The San Diego Chargers have a culture problem, and it’s one they have had for years. The problem was best described by a member of the New England Patriots, after that team defeated the Chargers in San Diego in a championship game. He said, “The Chargers are a team where they come out before the game with their helmets off and everybody has their own sack dance.”
This team’s culture is not about being a professional football player, it’s about being a celebrity. During the game it’s about making the play, not because that is the job but because, having made the play, one can do a dance and call attention to one’s self.
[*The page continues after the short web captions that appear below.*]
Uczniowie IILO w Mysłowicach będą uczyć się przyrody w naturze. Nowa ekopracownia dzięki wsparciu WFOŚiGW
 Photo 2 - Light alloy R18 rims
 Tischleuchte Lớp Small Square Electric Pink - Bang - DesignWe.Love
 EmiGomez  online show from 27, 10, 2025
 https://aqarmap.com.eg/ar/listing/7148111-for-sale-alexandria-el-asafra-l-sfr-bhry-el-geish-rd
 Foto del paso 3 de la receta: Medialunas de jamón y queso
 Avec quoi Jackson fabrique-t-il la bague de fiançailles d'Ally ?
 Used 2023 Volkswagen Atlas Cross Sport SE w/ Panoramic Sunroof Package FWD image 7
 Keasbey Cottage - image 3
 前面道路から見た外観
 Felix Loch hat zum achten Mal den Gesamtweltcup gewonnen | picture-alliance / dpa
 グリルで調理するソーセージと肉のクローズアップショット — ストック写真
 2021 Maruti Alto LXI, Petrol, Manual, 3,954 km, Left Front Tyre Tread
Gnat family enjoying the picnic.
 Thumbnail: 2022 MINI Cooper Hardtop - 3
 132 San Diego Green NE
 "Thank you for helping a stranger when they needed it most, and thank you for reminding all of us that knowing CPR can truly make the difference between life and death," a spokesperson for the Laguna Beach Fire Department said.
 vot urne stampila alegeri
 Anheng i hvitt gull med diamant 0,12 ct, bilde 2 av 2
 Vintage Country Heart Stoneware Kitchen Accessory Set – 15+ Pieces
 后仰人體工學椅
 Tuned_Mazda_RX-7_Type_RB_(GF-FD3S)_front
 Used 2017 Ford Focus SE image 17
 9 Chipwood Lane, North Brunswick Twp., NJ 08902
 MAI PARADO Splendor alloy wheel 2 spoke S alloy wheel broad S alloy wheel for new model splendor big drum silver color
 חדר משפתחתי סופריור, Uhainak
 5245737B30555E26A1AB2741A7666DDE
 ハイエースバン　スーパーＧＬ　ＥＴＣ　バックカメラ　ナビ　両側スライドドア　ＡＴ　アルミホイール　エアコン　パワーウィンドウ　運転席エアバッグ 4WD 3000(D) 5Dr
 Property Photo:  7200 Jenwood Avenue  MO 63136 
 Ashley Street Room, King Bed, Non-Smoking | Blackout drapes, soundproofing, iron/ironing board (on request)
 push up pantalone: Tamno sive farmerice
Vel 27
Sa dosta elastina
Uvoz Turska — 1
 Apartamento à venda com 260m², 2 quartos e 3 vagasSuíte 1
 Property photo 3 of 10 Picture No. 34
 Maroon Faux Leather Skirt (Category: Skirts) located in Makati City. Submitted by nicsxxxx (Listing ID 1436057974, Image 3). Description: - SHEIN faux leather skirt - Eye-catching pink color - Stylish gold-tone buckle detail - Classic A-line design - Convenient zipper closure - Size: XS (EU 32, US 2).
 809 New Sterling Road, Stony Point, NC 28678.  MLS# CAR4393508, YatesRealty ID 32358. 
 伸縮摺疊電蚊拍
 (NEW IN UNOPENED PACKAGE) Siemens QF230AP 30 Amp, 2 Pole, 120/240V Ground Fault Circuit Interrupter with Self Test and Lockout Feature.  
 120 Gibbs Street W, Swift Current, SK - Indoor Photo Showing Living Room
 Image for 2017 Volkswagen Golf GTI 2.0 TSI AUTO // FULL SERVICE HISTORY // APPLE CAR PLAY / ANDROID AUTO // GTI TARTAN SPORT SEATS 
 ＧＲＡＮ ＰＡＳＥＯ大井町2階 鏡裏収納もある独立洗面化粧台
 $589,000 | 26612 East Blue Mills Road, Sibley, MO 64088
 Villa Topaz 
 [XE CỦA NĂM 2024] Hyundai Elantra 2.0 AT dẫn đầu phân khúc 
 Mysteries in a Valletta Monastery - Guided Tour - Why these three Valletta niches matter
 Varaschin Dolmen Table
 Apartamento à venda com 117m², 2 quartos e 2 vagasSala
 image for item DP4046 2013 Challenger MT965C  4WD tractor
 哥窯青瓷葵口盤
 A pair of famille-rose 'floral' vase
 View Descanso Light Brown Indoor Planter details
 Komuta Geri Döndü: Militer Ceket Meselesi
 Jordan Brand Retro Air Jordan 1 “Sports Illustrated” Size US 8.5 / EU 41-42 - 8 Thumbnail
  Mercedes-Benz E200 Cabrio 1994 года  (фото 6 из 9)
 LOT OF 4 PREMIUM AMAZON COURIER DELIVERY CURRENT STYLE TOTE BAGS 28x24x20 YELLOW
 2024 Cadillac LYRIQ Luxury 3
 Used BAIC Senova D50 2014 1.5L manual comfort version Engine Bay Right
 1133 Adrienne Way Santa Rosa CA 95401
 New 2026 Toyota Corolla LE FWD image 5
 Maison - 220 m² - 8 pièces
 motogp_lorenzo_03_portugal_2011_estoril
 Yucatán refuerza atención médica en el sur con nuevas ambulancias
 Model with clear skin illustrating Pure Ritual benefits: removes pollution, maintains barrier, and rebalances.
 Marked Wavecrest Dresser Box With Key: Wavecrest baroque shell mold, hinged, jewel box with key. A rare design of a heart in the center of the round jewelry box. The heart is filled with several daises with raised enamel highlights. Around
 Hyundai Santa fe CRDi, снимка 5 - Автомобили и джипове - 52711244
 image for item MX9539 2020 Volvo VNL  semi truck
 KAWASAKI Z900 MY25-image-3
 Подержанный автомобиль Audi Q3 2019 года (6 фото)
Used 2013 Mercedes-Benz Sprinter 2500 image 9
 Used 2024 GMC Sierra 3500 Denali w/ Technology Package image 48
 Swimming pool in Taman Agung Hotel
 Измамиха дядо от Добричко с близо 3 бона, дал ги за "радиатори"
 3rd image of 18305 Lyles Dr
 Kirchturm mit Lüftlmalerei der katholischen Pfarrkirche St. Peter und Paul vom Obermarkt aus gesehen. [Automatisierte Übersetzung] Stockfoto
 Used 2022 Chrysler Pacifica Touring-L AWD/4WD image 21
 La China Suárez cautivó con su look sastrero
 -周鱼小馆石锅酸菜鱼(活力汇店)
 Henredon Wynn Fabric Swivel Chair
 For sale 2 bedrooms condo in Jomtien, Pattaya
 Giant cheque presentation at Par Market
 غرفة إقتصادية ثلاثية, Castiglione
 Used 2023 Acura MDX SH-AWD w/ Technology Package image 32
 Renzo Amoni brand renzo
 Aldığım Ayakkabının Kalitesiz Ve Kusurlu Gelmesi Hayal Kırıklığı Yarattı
Off the field it’s about being seen in the most fashionable nightclub with a pretty girl on one’s arm, and driving home from that club with a blood alcohol of .15% or more.
This team is undisciplined, always has been. Too many missed assignments; missed because the player thought he could go make the play; make the play so that he could then do his “look at me” dance. I’ve watched a lot of football games, a lot of teams; I have never seen so many missed assignments and so much self-adulating celebration.
This team has won games because a high-powered offense has often overcome the inability of the defense to play for more than about thirty minutes before the lifestyle of nightclubbing and partying takes its toll, but the offense has to do that in the thirty minute limit that their similar lifestyle imposes on their peak play.
A brain and body that was drunk on Friday night is not mentally or physically ready to play NFL football on Sunday.
On the Friday night before the playoff game with the Jets last year, Chargers players were out partying and nightclubbing, and claim that had no effect on their loss Sunday to the Jets. The Jet players were not out partying Friday night, they were staying in peak physical condition, were mentally preparing to play a complex and demanding game, and they made the Chargers look like fools. Which they were, and are.